6:00pm: Happy Hour and networking
6:30pm: 1st talk - How to build a cloud native stack for analytics with Spark, Hive, and Alluxio on S3
7:00pm: 2nd talk - Getting started with Apache Spark and Alluxio for blazingly fast analytics
7:30pm: Q&A & Mingle

Talk 1: How to build a cloud native stack for analytics with Spark, Hive, and Alluxio on S3

At Bazaarvoice, a software-as-a-service digital marketing company, the data engineering team is tasked to handle data at massive Internet-scale to serve over 1,900 of the biggest internet retailers and brands.

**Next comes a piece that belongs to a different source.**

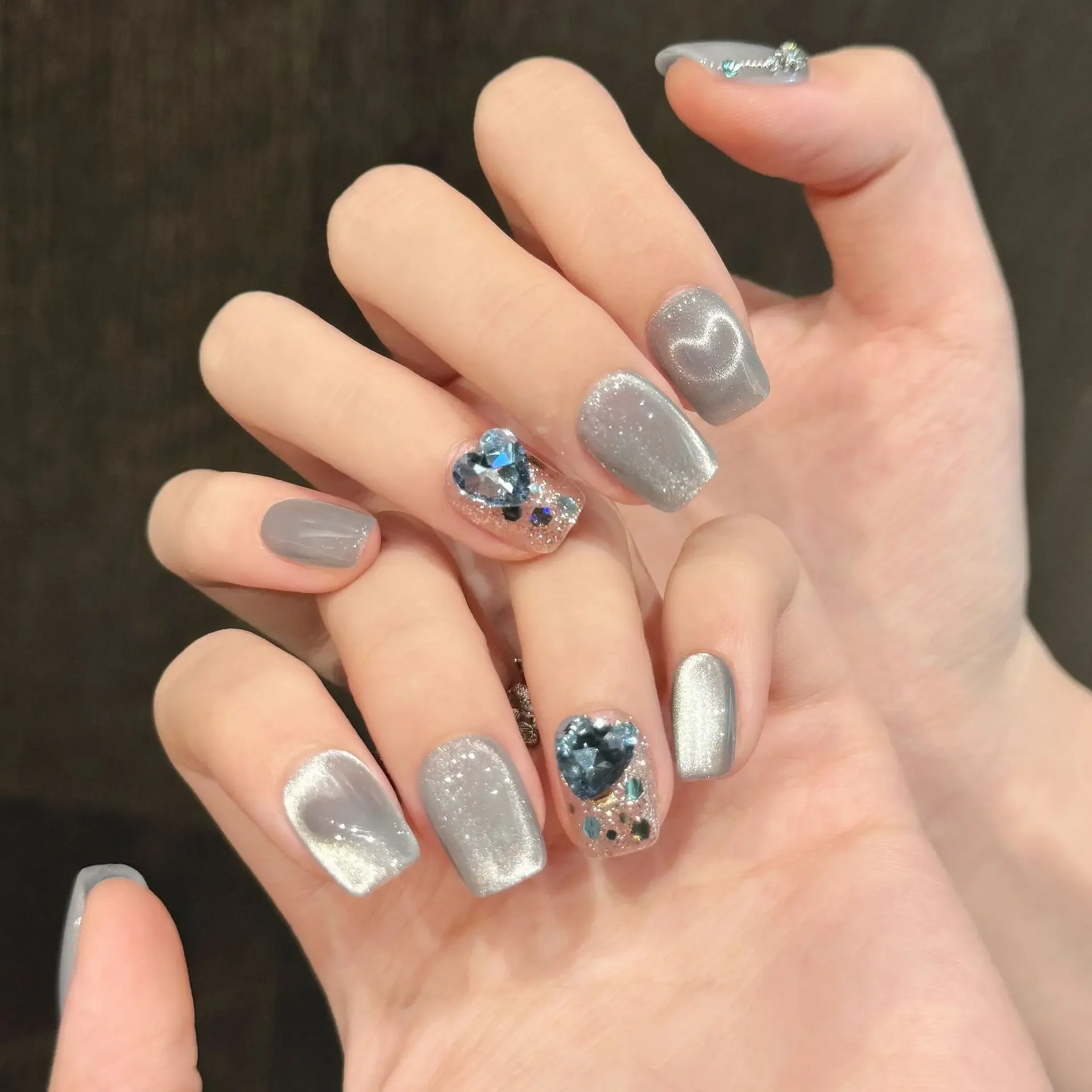 10 قطعة الصحافة اليدوية على الأظافر تلميح عين القط قصيرة البيضاوي وهمية مسمار الفن الأزرق بريق الماس الأظافر كاذبة يمكن ارتداؤها مانيكير الانتهاء #3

We built our data pipelines all in the cloud using Apache Spark and Hive on AWS EC2 accessing data in S3. AWS enables us to scale “out” the infrastructure capacity effortlessly to keep up with the Internet-scale data and web traffic, but scaling out also exposes certain limitations like the ability to further scale “up”. While this cloud native stack is scalable and elastic we experience performance limitations, because data access is limited by the network bandwidth, and this is exacerbated for workloads that involve repeated queries.

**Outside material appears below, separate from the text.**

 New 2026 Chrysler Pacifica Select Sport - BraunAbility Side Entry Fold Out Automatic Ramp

To address the data access challenges, we leverage Alluxio, an open source data orchestration system for analytics in the cloud. Alluxio serves as a transparent caching layer for hot and warm data, such that Hive and Spark jobs are able to access all data transparently in S3. We have seen 10x performance acceleration of Spark and Hive jobs on S3 with Alluxio.

In this talk, we will cover:
the challenges associated with building an efficient cloud native big data analytics platform on AWS
the open source technologies we work with including Spark, Hive, and Alluxio,
how we set them up -benchmark results of micro and real-world workloads

Tim Kelly
Tim Kelly is a Sr. Engineering manager focused on data engineering leader at Bazaarvoice. He has extensive experience leading software teams and building high-quality software applications, services, and SDKs for consumer and enterprise.

Thai Bui
Thai Bui is a Sr. Staff Software Engineer at Bazaarvoice on the data engineering team. Thai is interested in scalable application development, big data, stats, and machine learning.

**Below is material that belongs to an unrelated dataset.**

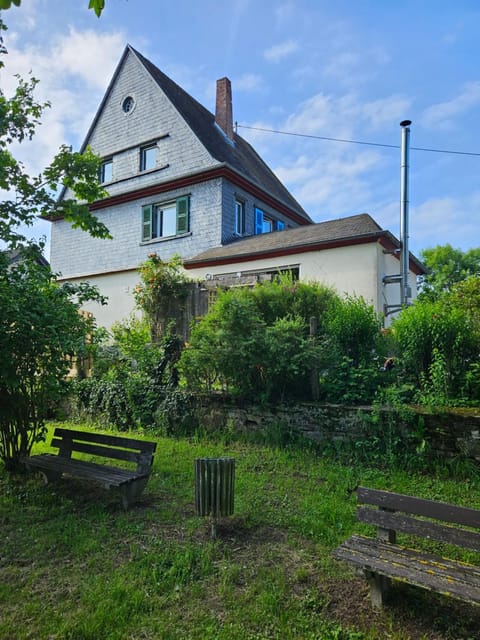 Property building, Spring, Day, Natural landscape, Garden, Garden view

Talk 2: Getting started with Apache Spark and Alluxio for blazingly fast analytics

Apache Spark and Alluxio are cousin open source projects that originated from UC Berkeley’s AMPLab. Running Spark with Alluxio is a popular stack particularly for hybrid environments. In this session, I will briefly introduce Apache Spark and Alluxio, share the top ten tips for performance tuning for real-world workloads, and demo Alluxio with Spark.

Bin Fan, VP and founding engineer, Alluxio
Bin Fan is the founding member of Alluxio, Inc. and the PMC maintainer of Alluxio open source project. Prior to Alluxio, he worked for Google to build the next-generation storage infrastructure and won Google's Technical Infrastructure award. Bin received his Ph.D. in CS from CMU.